[Caption-style text data]
================

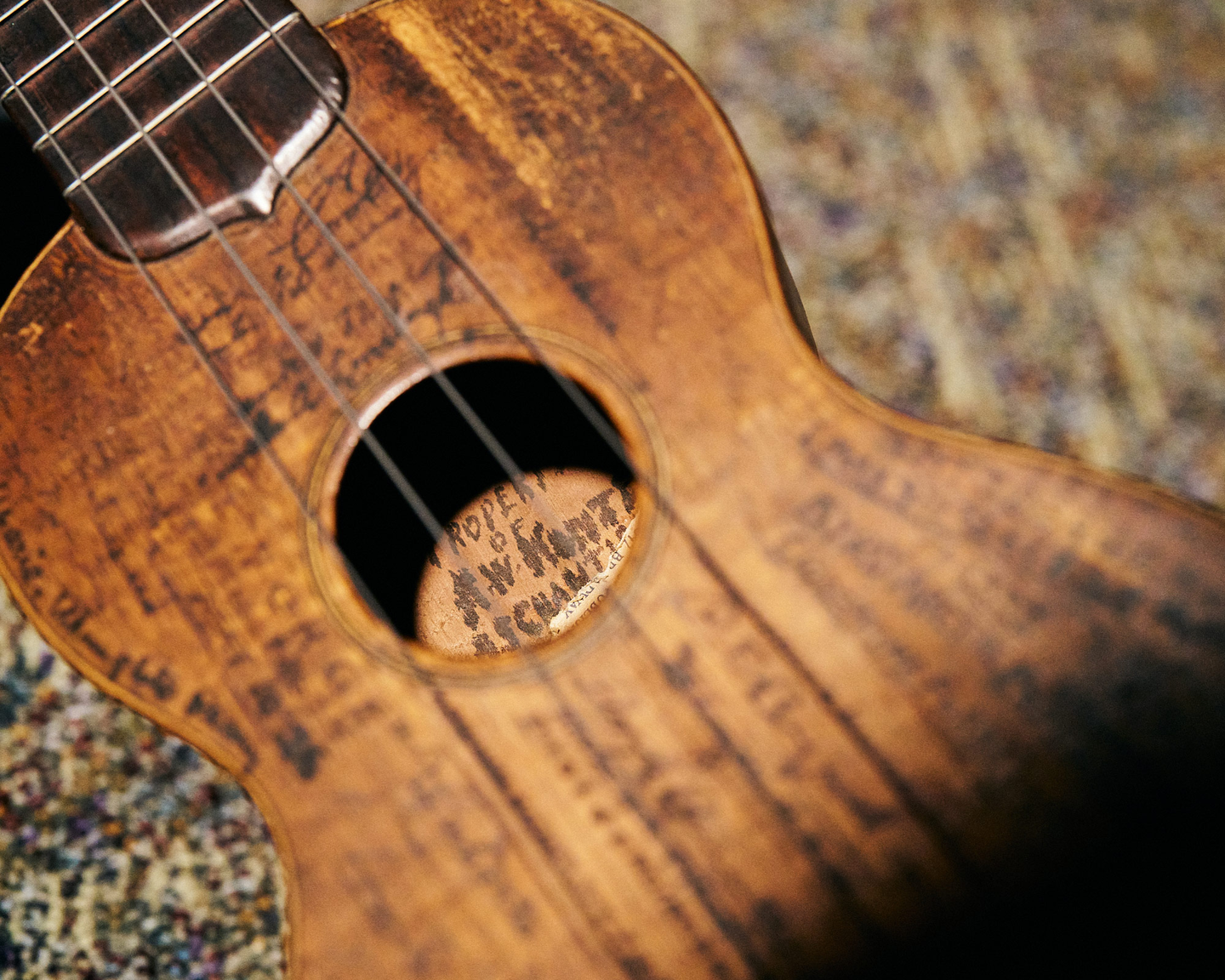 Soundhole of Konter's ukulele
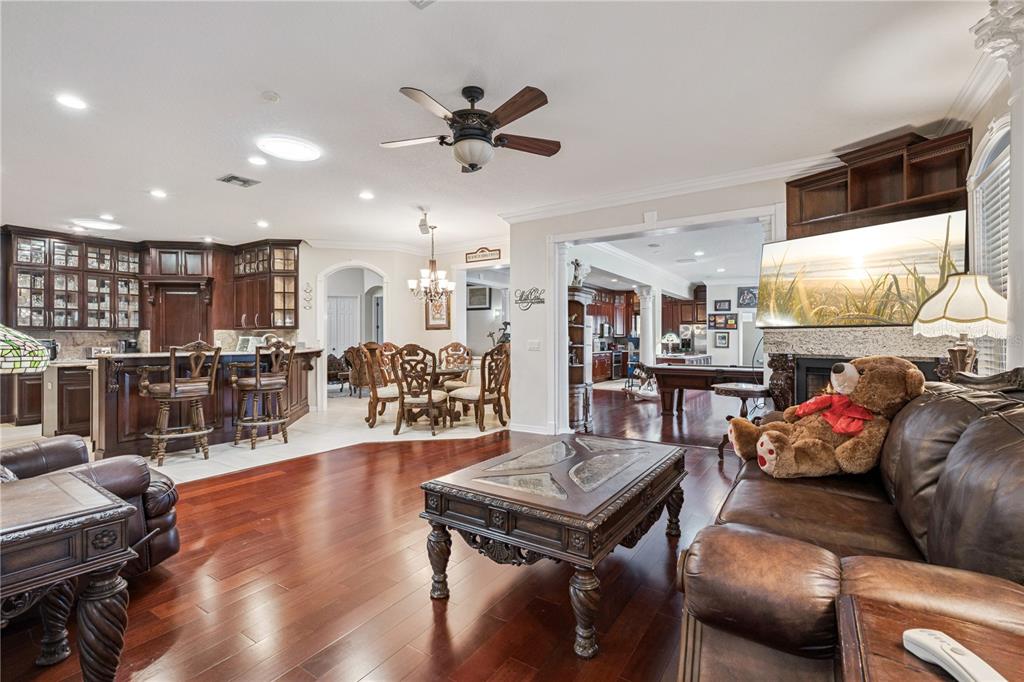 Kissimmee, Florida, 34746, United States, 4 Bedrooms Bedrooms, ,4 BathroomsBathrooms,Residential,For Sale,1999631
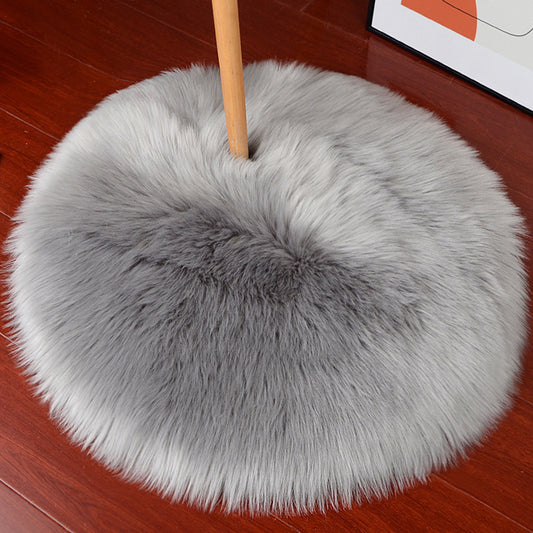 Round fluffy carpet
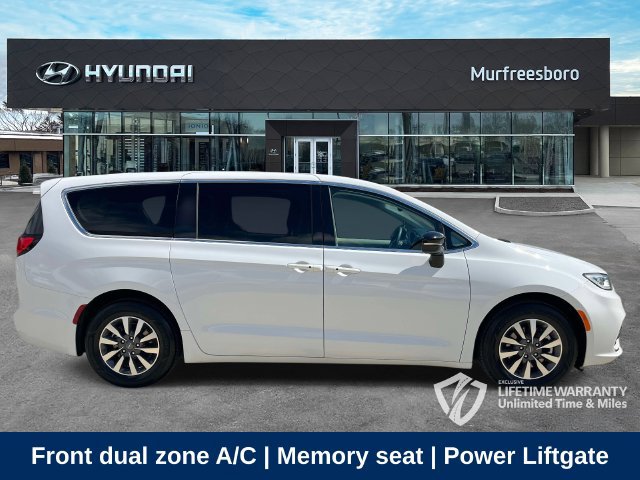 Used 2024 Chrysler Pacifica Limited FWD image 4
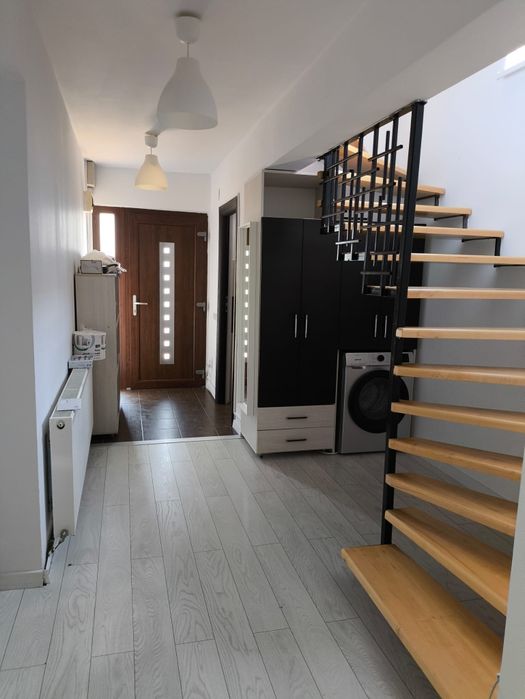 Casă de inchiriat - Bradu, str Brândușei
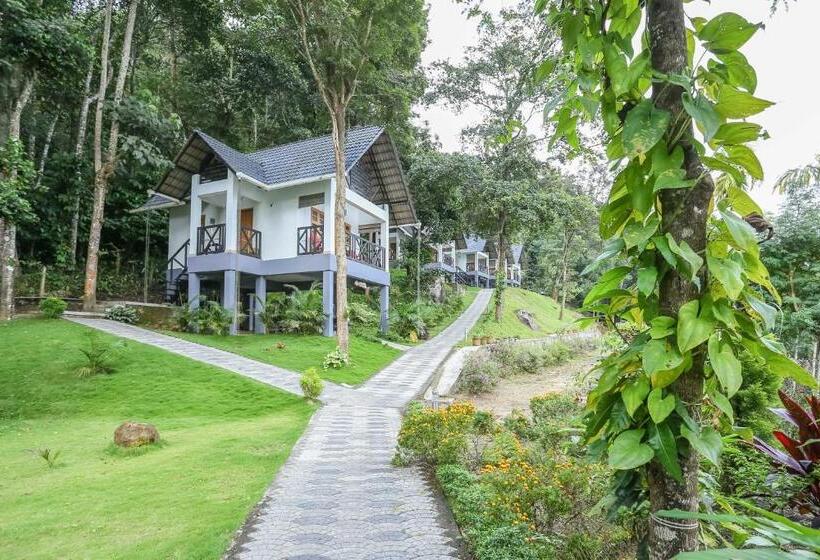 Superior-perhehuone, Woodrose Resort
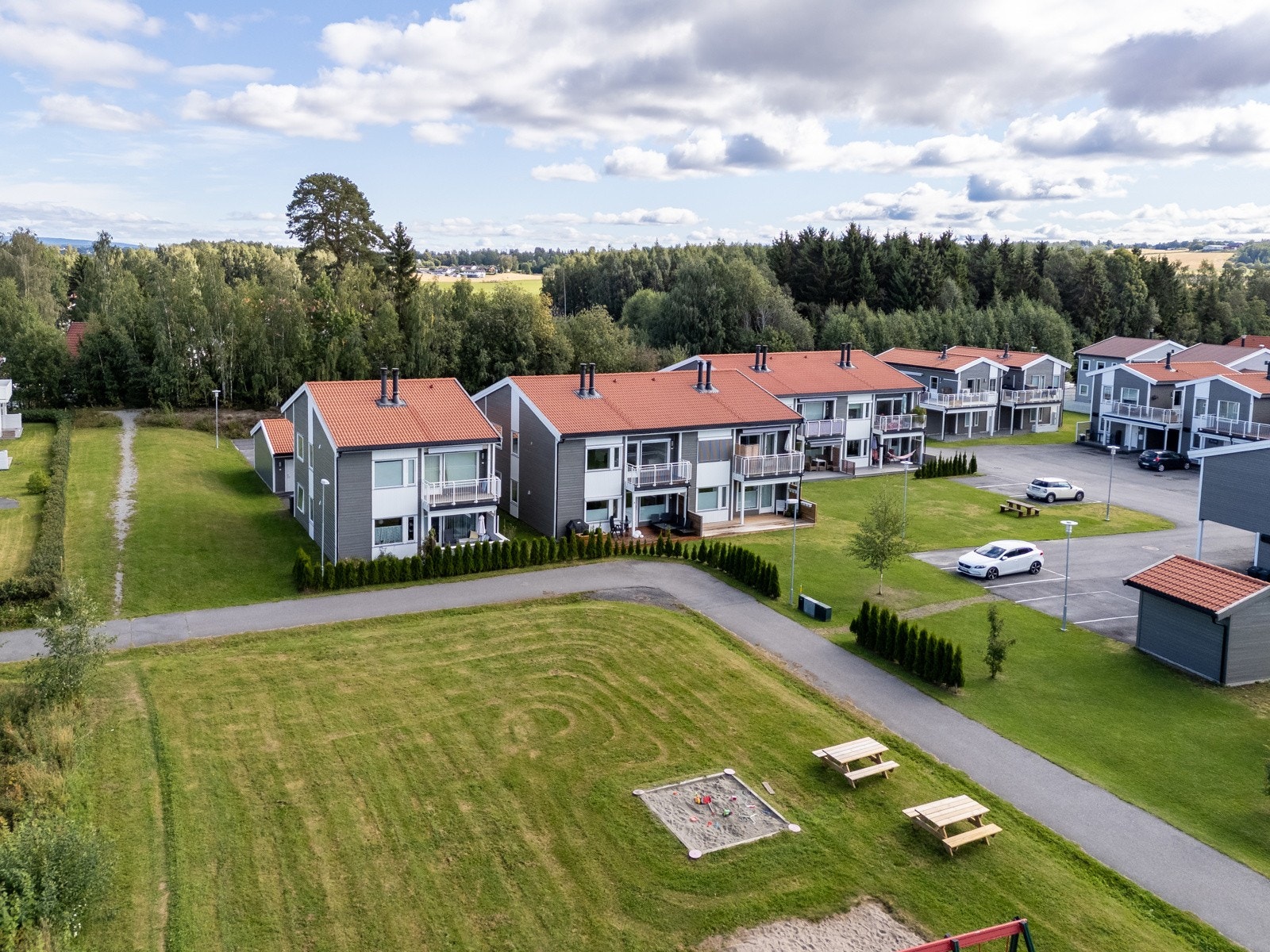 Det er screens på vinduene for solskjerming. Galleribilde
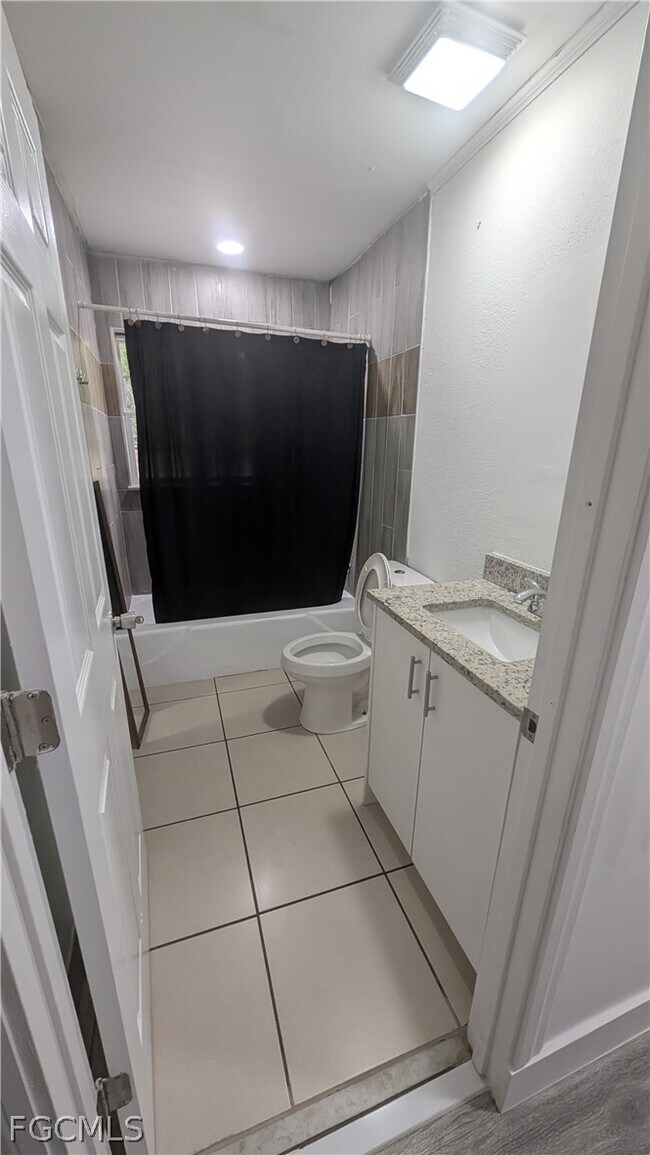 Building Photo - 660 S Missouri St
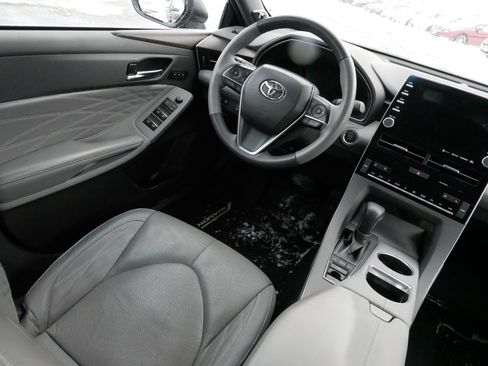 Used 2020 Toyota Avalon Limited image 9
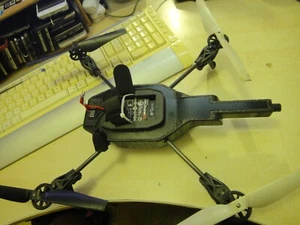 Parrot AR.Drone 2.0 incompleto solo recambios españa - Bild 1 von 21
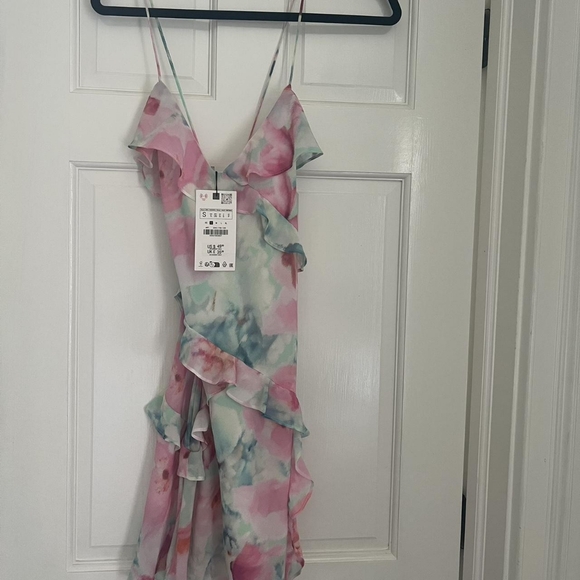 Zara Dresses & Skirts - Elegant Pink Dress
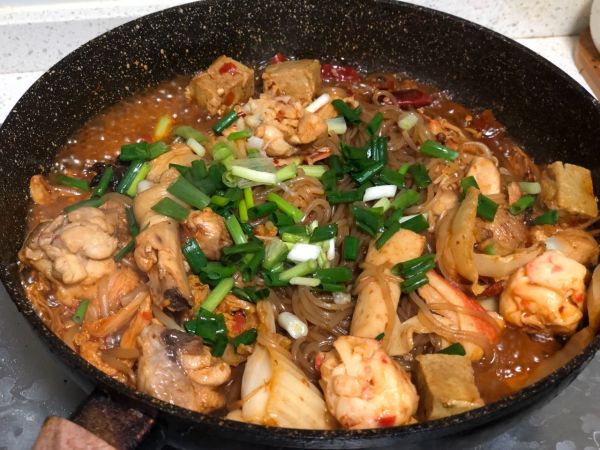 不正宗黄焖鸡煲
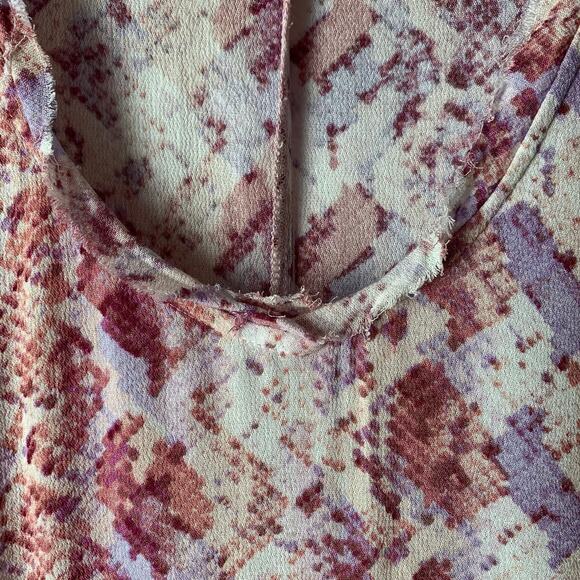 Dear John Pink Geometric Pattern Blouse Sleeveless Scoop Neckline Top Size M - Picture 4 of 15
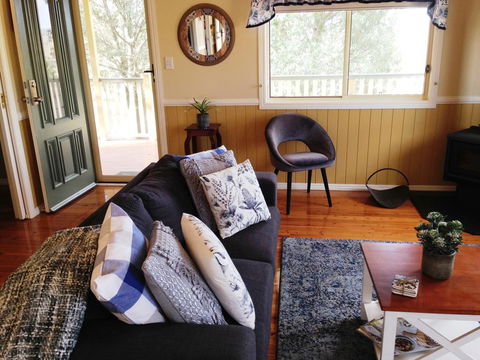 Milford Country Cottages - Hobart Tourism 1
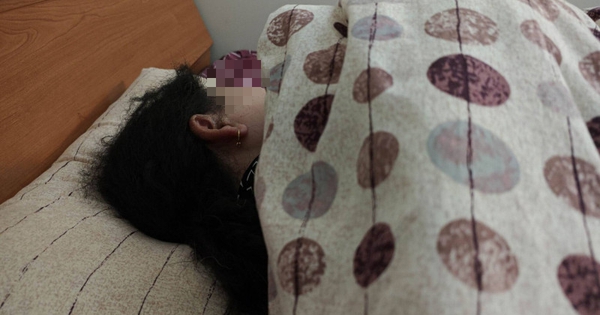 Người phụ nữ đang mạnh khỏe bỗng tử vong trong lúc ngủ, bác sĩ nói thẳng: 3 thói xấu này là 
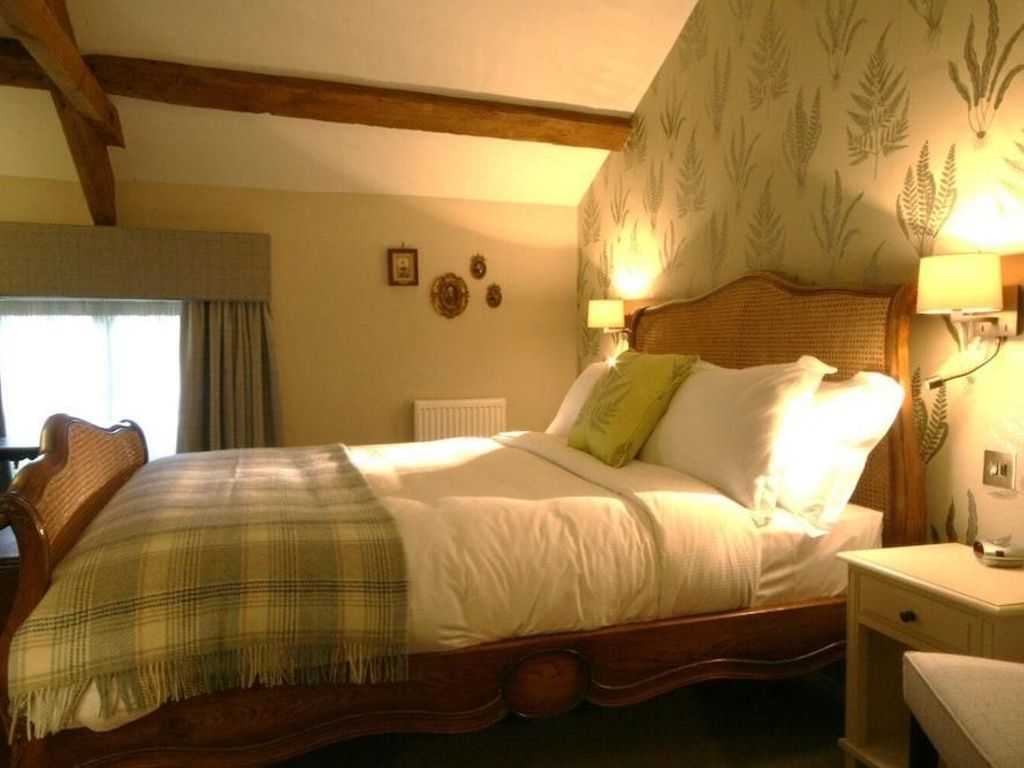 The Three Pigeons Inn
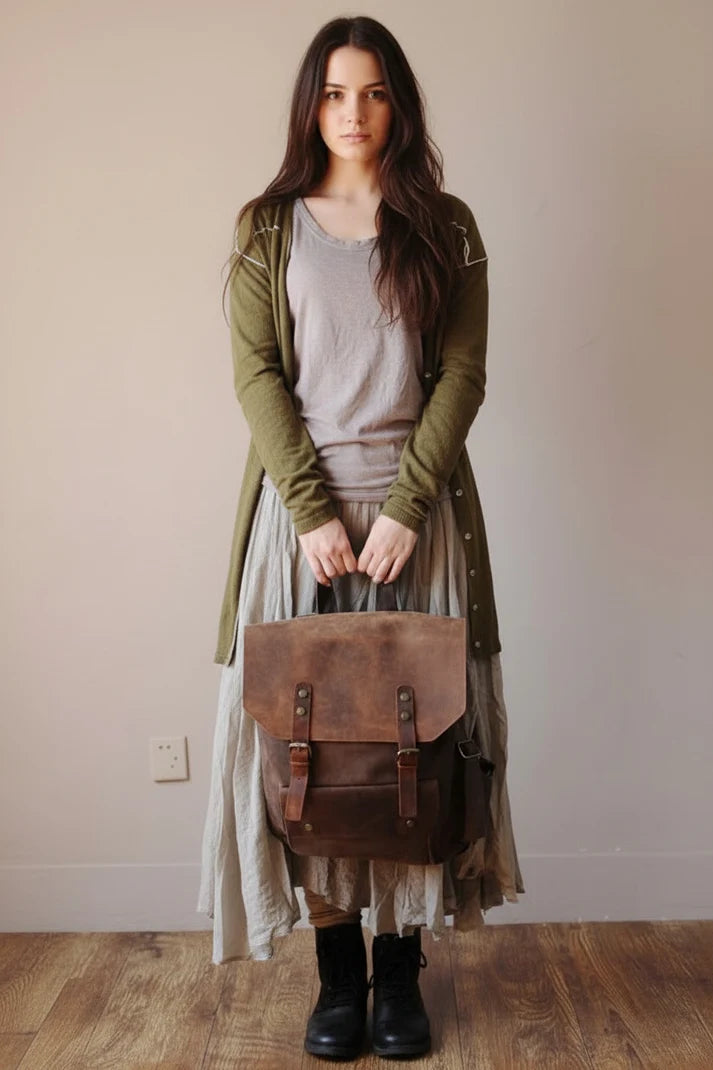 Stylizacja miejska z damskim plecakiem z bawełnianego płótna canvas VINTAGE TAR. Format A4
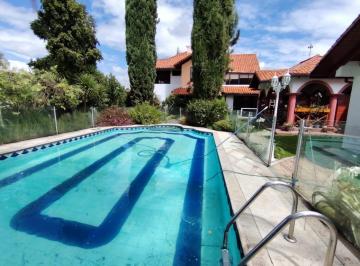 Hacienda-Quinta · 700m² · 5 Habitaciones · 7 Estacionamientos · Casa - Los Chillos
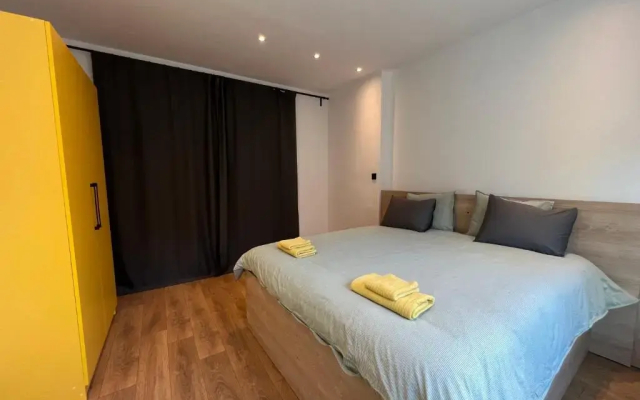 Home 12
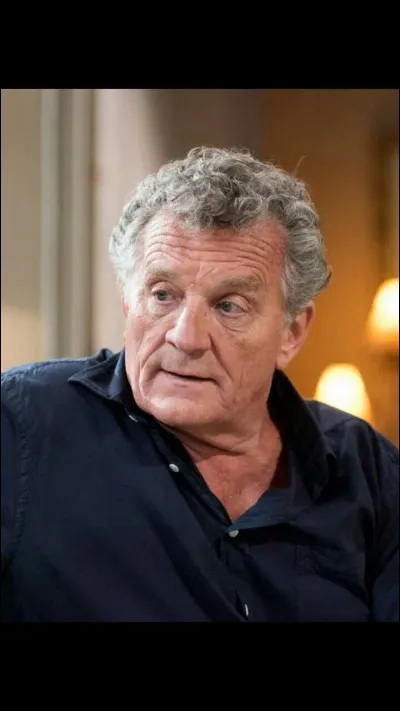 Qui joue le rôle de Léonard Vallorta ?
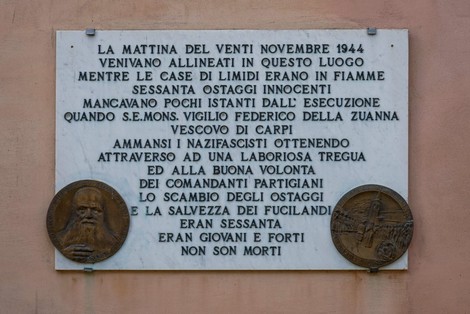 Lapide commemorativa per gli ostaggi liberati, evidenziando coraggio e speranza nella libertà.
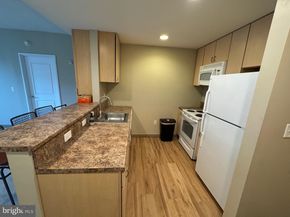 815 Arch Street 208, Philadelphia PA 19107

================

TASK BRIEF — Copy nothing but the lines from the line holding "The Three Pigeons Inn" through the last line of the entries, exactly, while leaving out the pictures.

OUTPUT OF THE TASK —
 The Three Pigeons Inn
 Stylizacja miejska z damskim plecakiem z bawełnianego płótna canvas VINTAGE TAR. Format A4
 Hacienda-Quinta · 700m² · 5 Habitaciones · 7 Estacionamientos · Casa - Los Chillos
 Home 12
 Qui joue le rôle de Léonard Vallorta ?
 Lapide commemorativa per gli ostaggi liberati, evidenziando coraggio e speranza nella libertà.
 815 Arch Street 208, Philadelphia PA 19107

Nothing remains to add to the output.